Wann wird abgestimmt?
Die Abstimmung über die Resolution war für den späten Donnerstagabend (MEZ) nach Dutzenden Reden hochrangiger Sprecherinnen und Sprecher geplant, neben Außenministerin Baerbock sollen auch ihr US-Amtskollege Antony Blinken und der britische Chefdiplomat James Cleverly sprechen.
Wie lauten die ersten Reaktionen?
Zum Auftakt der Sitzung prangerte UN-Generalsekretär António Guterres das Vorgehen Moskaus als einen "Angriff auf unser kollektives Gewissen" an. "Der erste Jahrestag der russischen Invasion in der Ukraine stellt einen dunklen Meilenstein dar – für das ukrainische Volk und für die internationale Gemeinschaft", sagte Guterres am Mittwoch. Zugleich warnte der UN-Chef vor einer weiteren Eskalation des Konfliktes. Er verwies auf "indirekte Drohungen" des Einsatzes von Atomwaffen und "unverantwortliche" Militäraktionen im Umfeld von Atomkraftwerken. "Es ist höchste Zeit, sich vom Abgrund wegzubewegen."

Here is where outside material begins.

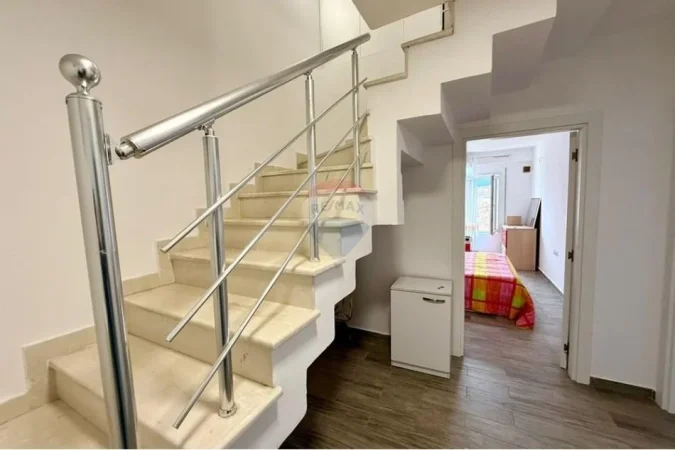 Tirane, jepet me qera apartament Dublex Kati 1, 120 m² 600 € (Kodra e Diellit 2)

Der ukrainische Außenminister Dmytro Kuleba warb seinerseits um Zustimmung für die geplante Resolution. "Ich appelliere an Sie: Dies ist ein entscheidender Moment, um Unterstützung, Einheit und Solidarität zu zeigen", sagte er vor der Vollversammlung. "Niemals in der Geschichte war die Trennlinie zwischen dem Guten und dem Bösen so klar: Ein Land will einfach nur überleben. Das andere will töten und zerstören."
Der russische UN-Botschafter Wassili Nebensia erhob seinerseits in der Debatte schwere Vorwürfe gegen den Westen. Dieser wolle Russland bezwingen und die "Weltherrschaft" erringen. "Sie sind bereit, die gesamte Welt in den Abgrund des Krieges zu stürzen", sagte Nebensia mit Blick auf den Westen und bezeichnete die Ukraine erneut als "neofaschistisch". Diese Vorwürfe wurden vom EU-Außenbeauftragten Josep Borrell scharf zurückgewiesen: "Hier geht es nicht um 'Der Westen gegen Russland'", sagte er. "Dieser illegale Krieg betrifft jeden: den Norden, den Süden, den Osten, den Westen."
Wie geht es nach der Abstimmung weiter?
Am Freitag, dem ersten Jahrestag des russischen Angriffs auf die Ukraine, wird sich dann der UN-Sicherheitsrat mit dem Krieg in der Ukraine befassen. Das mächtigste Gremium der Vereinten Nationen ist im Ukraine-Krieg aber weitgehend blockiert: Russland hat als eines der fünf ständigen Mitglieder des UN-Sicherheitsrats ein Veto-Recht und kann damit jede völkerrechtlich bindende Resolution verhindern.